Pakistan’s information technology sector may face a significant tax increase in the upcoming federal budget. Sources indicate that the federal government is considering raising the tax rate on IT companies from 0.25 percent to 1 percent. This change would increase the overall tax burden by around 300 percent.
This possible hike comes at a time when Pakistan’s technology sector is showing strong performance in exports and freelance income. According to the Pakistan Economic Survey 2025-26, ICT export remittances grew nearly 20 percent to 3.388 billion dollars during July to March of FY2025-26. This compares with 2.829 billion dollars in the same period last year.
Meanwhile, the freelance economy continued its strong upward trend. Freelancer remittances increased by 51 percent year-on-year to 856.3 million dollars. This highlights the rising role of Pakistan’s digital workforce in earning foreign exchange.
However, concerns are growing within the tech community over the possible tax revision. The development comes only days after the Pakistan Freelancers Association (PAFLA) urged the government to maintain a supportive tax structure for freelancers and the wider digital sector in the Federal Budget 2026-27.
In its recommendations, PAFLA asked the Federal Board of Revenue (FBR) and the Ministry of Finance to keep the current 0.25 percent tax rate on foreign exchange earnings for at least ten years.

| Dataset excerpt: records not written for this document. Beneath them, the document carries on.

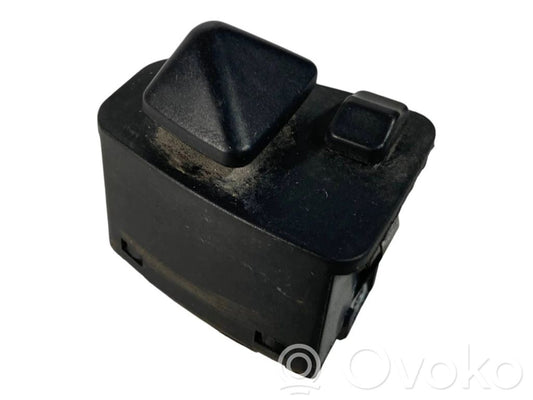 Side mirror switch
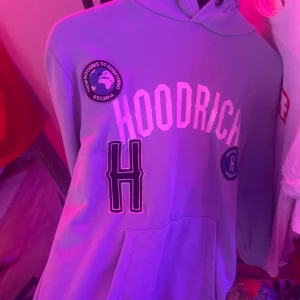 Hoodrich st L - 7,5/10 i skick. Saknar dock snören. Annars väldigt bra 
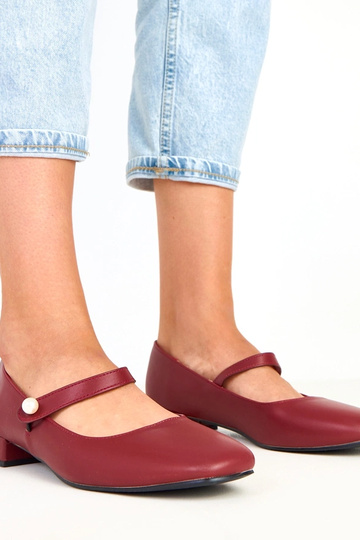 Zapatos burdeos de tacón con tira decorativa Alya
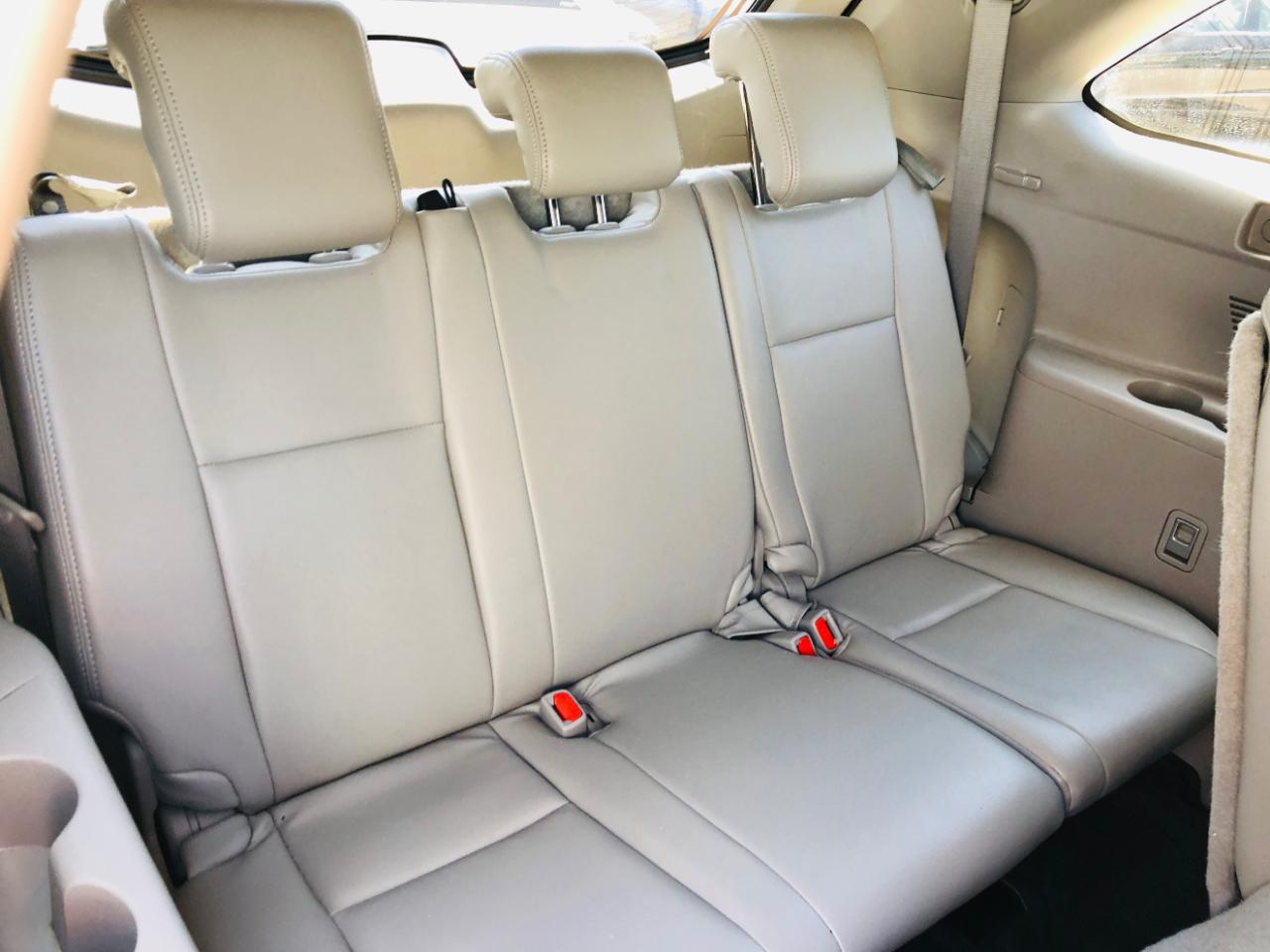 Toyota Highlander LE V6 FWD (Natl) 2019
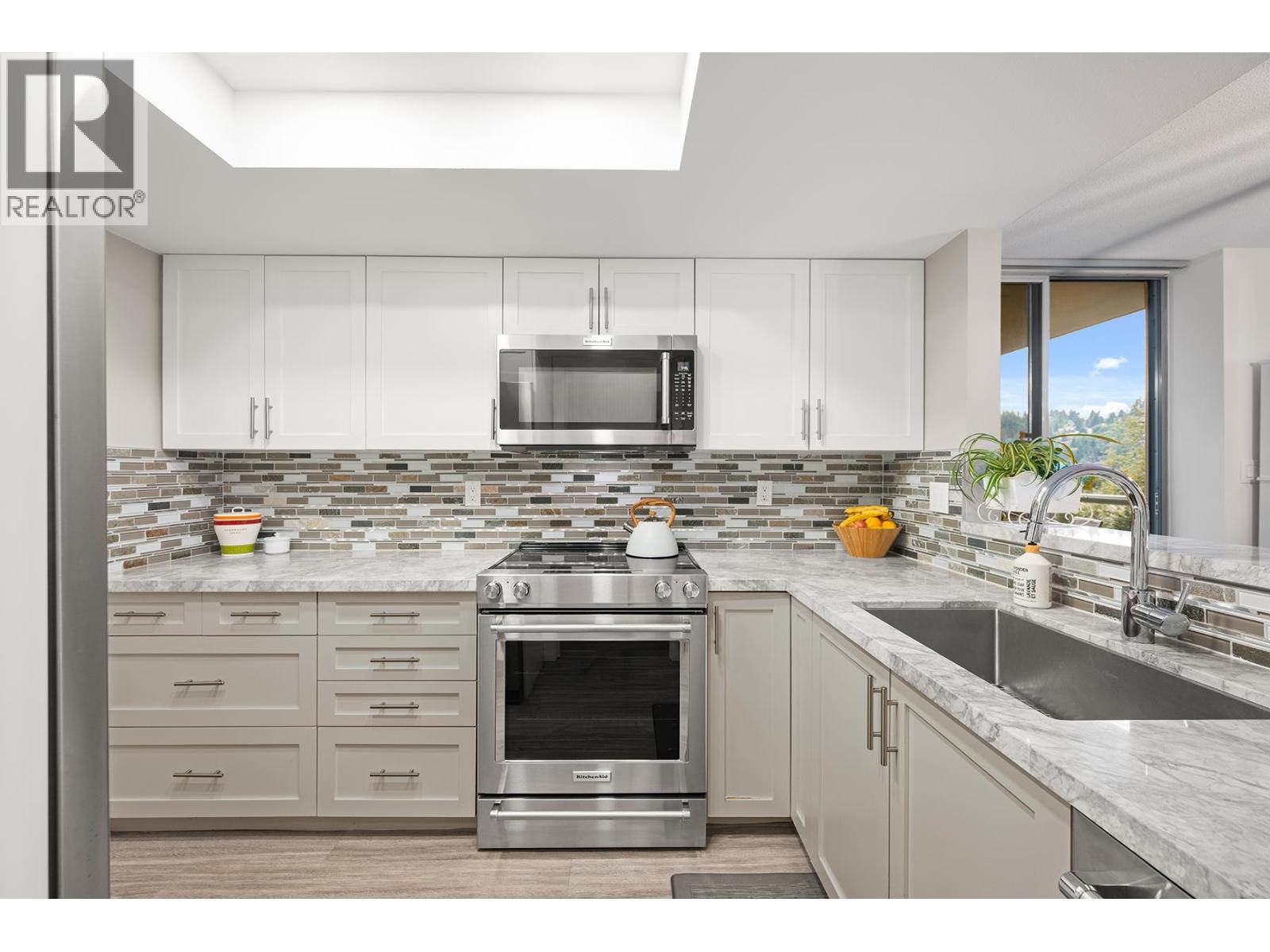 200 Newport Drive Unit 1004, Port Moody, BC V3H 5B7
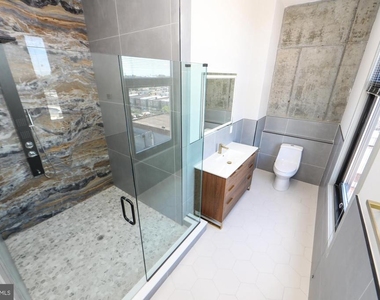 1810 E Venango Street - Photo Thumbnail 9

In addition, the association suggested setting up freelancing hubs in major cities. It also proposed subsidies for internationally recognized certifications. Moreover, it called for initiatives to improve workforce skills.
Experts believe a stable and competitive tax policy is important for export growth. It also helps attract investment and expand Pakistan’s presence in global digital markets. For now, the government has not made a final decision on the proposed increase. The matter is expected to be clarified during today’s budget presentation.